#### Task directions
Check every line of the entries below for the word "with", and copy the ones that have it.

#### Short descriptive text snippets

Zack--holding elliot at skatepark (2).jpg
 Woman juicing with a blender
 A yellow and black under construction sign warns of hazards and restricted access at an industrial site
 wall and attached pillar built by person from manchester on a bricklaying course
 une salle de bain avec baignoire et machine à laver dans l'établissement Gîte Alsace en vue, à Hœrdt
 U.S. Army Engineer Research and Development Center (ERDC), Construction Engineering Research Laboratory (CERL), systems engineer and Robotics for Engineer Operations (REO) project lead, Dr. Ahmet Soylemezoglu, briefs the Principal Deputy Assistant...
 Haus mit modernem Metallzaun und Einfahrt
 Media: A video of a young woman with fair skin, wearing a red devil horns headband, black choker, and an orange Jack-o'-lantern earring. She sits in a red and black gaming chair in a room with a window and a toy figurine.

#### Exercise output
 Woman juicing with a blender
 Media: A video of a young woman with fair skin, wearing a red devil horns headband, black choker, and an orange Jack-o'-lantern earring. She sits in a red and black gaming chair in a room with a window and a toy figurine.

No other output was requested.